- PROBLEM STATEMENT -
Ignoring the pictures, repeat every entry below exactly as it appears.

··· ENTRIES SUPPLIED ···

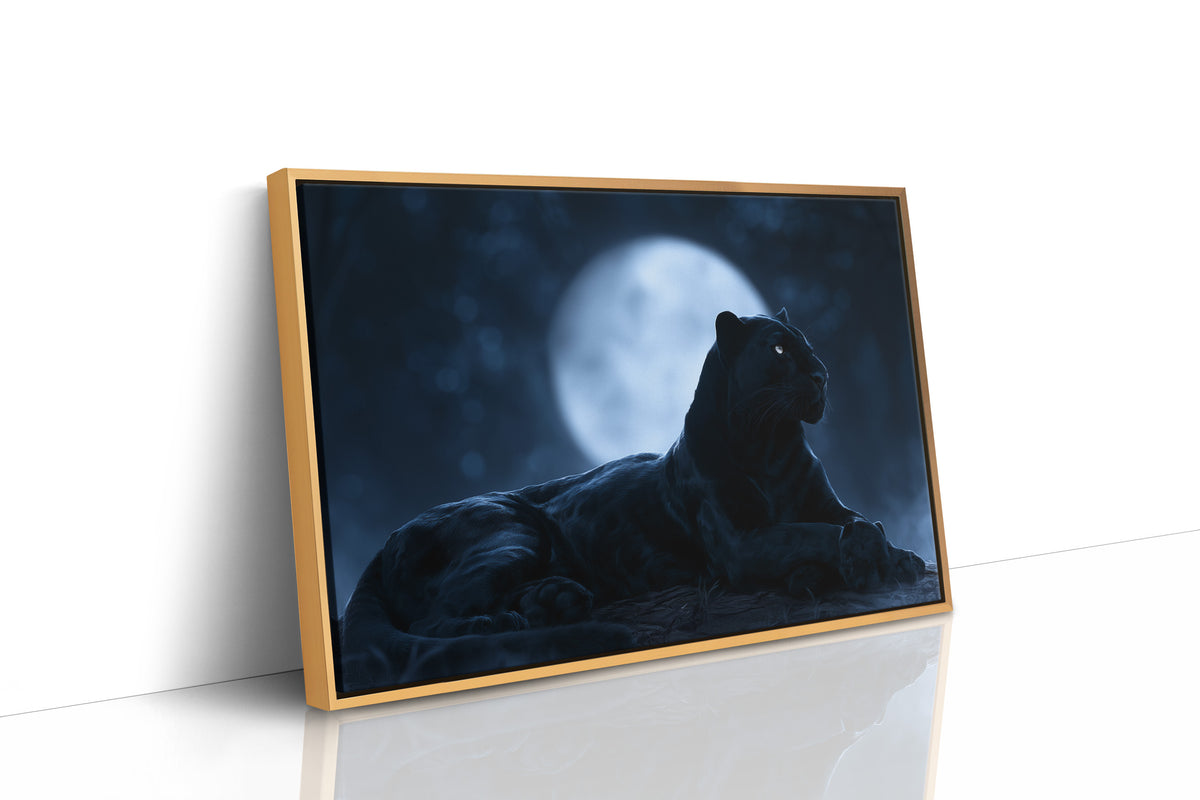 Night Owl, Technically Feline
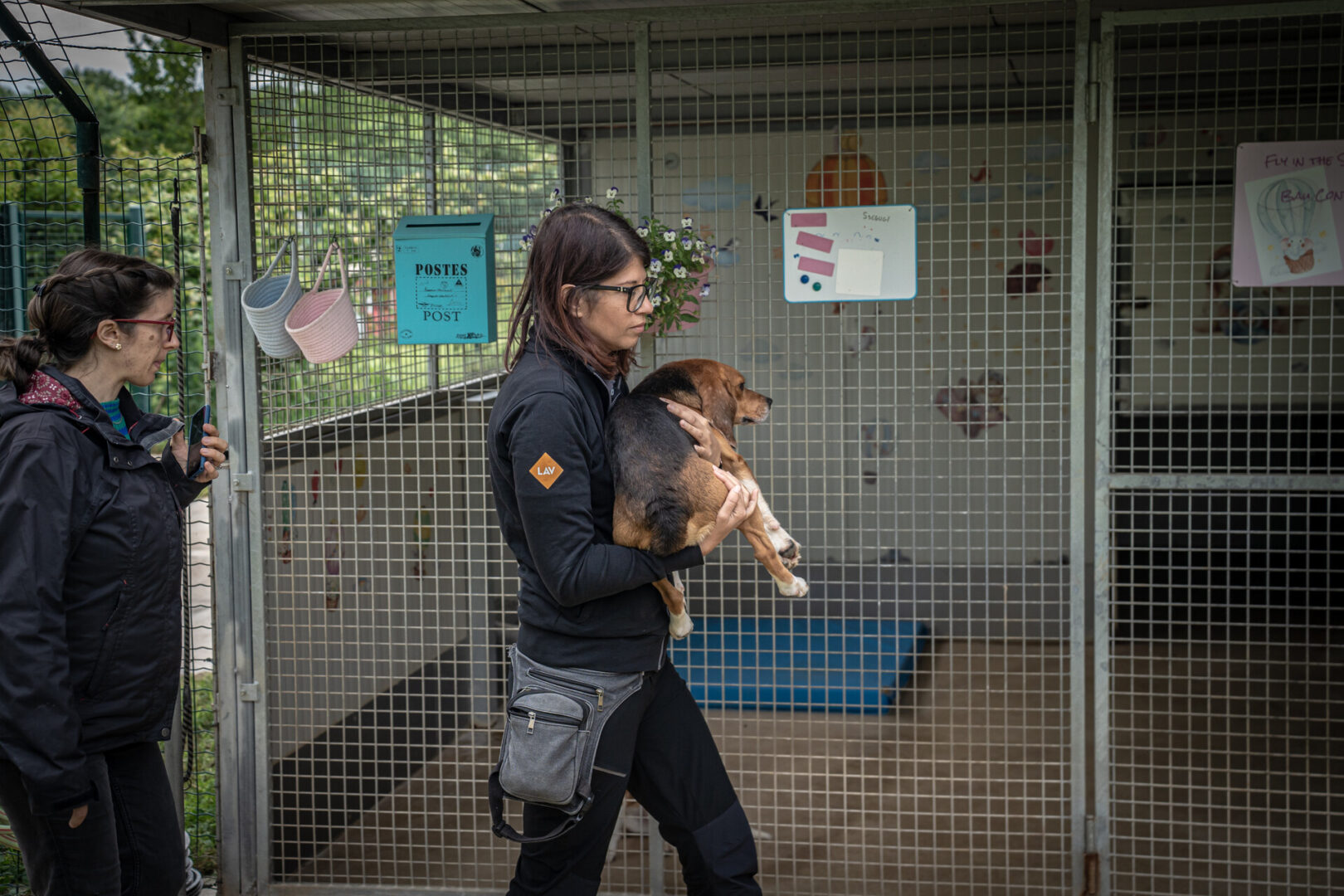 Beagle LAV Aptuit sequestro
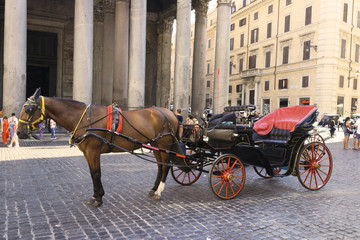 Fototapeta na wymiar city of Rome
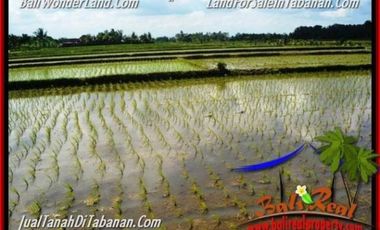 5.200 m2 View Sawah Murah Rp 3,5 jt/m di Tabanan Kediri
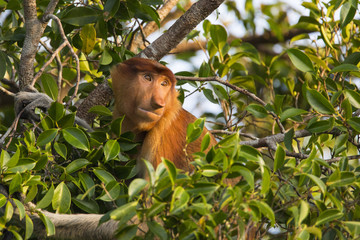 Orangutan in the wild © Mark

···

- PROBLEM SOLUTION -
 Night Owl, Technically Feline
 Beagle LAV Aptuit sequestro
 Fototapeta na wymiar city of Rome
 5.200 m2 View Sawah Murah Rp 3,5 jt/m di Tabanan Kediri
 Orangutan in the wild © Mark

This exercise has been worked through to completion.